A few weeks ago, Juniper estimated that the transaction value of mobile payments for digital and physical goods, money transfers and NFC transactions will reach a whopping $670 billion by 2015, up from $240 billion this year. Today, Gartner is releasing its data report, taking a look at actual users of mobile payments services. Gartner’s research shows that mobile payment users worldwide will surpass 141.1 million in 2011, a 38.2 percent increase from 2010, in which mobile payment users reached 102.1 million. Worldwide mobile payment volume is projected to total $86.1 billion, up 75.9 percent from 2010 volume of $48.9 billion.

Gartner says that particularly in developing markets, growth in mobile payments is not as strong as expected. Sandy Shen, research director at Gartner, writes, While developing markets have favorable conditions for mobile payments, such as high penetration of mobile devices and low banking penetration, this is no guarantee of success, unless service providers adapt their strategies to local market requirements.

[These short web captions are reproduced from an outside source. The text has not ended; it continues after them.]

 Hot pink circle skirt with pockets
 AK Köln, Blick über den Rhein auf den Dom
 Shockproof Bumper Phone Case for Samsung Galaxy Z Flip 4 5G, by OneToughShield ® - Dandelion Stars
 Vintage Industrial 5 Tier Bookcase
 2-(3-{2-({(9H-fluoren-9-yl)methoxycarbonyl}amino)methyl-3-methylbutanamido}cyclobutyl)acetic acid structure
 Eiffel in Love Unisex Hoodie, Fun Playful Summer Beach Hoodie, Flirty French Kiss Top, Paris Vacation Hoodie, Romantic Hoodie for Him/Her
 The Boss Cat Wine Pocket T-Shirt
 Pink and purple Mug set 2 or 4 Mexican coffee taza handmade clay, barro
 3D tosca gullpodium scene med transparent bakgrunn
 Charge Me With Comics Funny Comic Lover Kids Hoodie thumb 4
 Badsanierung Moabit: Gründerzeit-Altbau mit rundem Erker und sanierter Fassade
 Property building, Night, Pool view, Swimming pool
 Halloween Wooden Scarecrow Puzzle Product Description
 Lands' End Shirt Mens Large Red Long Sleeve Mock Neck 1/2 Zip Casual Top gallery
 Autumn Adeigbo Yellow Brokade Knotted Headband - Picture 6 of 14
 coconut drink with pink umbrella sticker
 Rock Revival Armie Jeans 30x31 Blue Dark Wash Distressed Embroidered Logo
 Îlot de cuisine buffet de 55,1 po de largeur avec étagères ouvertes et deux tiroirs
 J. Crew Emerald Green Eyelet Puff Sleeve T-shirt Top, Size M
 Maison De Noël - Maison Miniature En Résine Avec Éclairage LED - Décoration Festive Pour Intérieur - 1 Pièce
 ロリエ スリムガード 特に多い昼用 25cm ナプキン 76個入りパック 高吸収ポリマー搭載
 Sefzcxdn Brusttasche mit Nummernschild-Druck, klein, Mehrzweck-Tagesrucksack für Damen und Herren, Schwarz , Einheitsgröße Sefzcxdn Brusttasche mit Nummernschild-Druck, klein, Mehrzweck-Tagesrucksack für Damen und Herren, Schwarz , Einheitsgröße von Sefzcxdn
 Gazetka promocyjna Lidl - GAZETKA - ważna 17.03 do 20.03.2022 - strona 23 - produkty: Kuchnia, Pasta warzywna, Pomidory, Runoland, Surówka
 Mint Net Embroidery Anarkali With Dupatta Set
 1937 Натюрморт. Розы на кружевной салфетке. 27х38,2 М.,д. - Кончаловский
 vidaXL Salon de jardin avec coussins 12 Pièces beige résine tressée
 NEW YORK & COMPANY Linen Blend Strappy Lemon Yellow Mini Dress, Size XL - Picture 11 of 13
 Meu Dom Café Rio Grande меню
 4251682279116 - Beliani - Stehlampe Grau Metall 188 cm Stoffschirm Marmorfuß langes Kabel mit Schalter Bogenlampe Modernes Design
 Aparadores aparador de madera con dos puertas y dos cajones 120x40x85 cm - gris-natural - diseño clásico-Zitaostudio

Shen adds that she believes the mass market adoption of NFC payments is at least four years away, with the biggest “hurdle” as changing users behavior from using cash and credit cards to using their mobile phone. And she predicts that in 2011, merchandise purchases from mobile apps like eBay and Amazon will account for 90 percent and 77 percent of all mobile payments transactions in North America and Western Europe, respectively.

In developing markets, Gartner says money transfers and prepaid incentives will drive transaction volumes. In Eastern Europe, the Middle East and Africa, these two services will account for 54 percent and 32 percent of all transactions in 2011, respectively. It’s interesting that Gartner doesn’t seem to be too bullish on NFC in the near future. Clearly Google is making a big bet on NFC with the launch of its mobile payments product Google Wallet. And PayPal just announced its integration with NFC for Android phones. Perhaps that leaves more breathing room for innovative companies like Square to continue to disrupt the mobile payments space without adopting NFC technology.